In this case I improvised as we went and we built a story with the player picking assets in lots of different ways to uncover the map. Once they had it all uncovered, and his agents had turned, neutralised or threatened every other zone he returned to the main contact and said ‘I’ve just torn your network apart, are you going to play nice or do I have to destroy you?’
While I was improvising, you can do the same with a preprepared zone map the GM gradually reveals as the players investigate. It all depends on their initial intelligence.
(You could run an espionage where the goal is to uncover the network but not alert the enemy you are investigating, lots of investigation and stealth rather than assassination and interrogation)
It was a really good session, I really wished we’d filmed it and put it on the site as an example as the player was great about using all manner of assets and approaches.
As always with tests, the results depend on the approach.
Its up to the GM to say ‘ok, you went in like this and the roll was a success, so you can probably learn this’ rather than say ‘a successful test means you always learn this’.

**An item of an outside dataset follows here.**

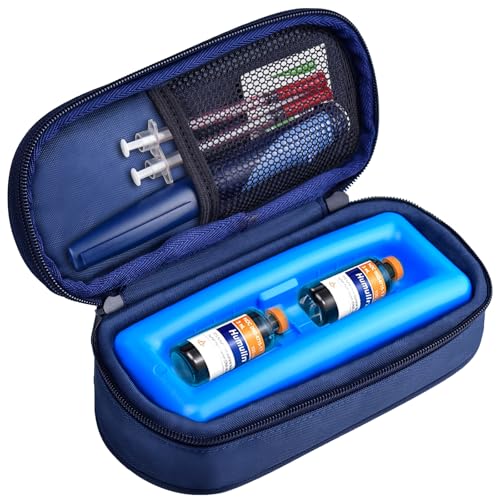Cruxer Insulin Vial Cooler Travel Case,Diabetes Carrying Insulated Bag for Supplies Keep Medicine Cool,Diabetic Small Bott...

In this way different approaches might gain different results of different trips.
When it comes to populating the zones themselves, that is really covered by the difficulty.
Investigating an area zone with high difficulty means there is a lot of security.
Investigating a person with high difficulty might mean they have assets in play or a lot of security.
Its up to the GM to decide if the roll should be against a set difficulty to infiltrate (usually for an area) or make it a contest to neutralise/intimidate a zone that is a person.
Hopefully some of that is useful. We really must do a video sometime!
Thanks for the response on this. While it is a bit vague, I think generally the rules are a framework at best for this, at least how it is presented in the book. A video (or a few) would really help. I think the ambiguous nature of this is why, in most actual plays, we don’t see GMs using Espionage or Intrigue very much (if at all). The esoteric nature of how to populate the conflict map and enemy assets should definitely be expanded on in a guide or something. Perhaps a longer term objective (infiltration of rival house’s inner circle from “scratch”) at the Architect level could be used? The example in the book is the PC herself (ie Kara Molay) doing the infiltration, but, what if she had spy assets doing it for her? The book also needed to state where the enemy assets came from (I see now they were likely made up based on what might make sense). Heck I’d volunteer to be a video participant if you guys wanted to walk through some scenarios.
My player group is generally very rule bound, wanting to clearly know that they can do x with y and expect that its “fair”. Lots of experience with Alien RPG for example. This “as and when” style approach will take some getting used to. Perhaps I’ll post a play example here from my game next time we try to run espionage conflict. Hopefully that is ok to post here!
Again, thanks Andy for your input so far.
Generally the advice for all combat is ‘its all the same’.
Essentially you move assets into position and when in the right position you attempt to defeat the opponent. All that changes is the nature of what zones, assets and objectives actually are in the narrative, the rules are always the same.
But I will look at us doing a video!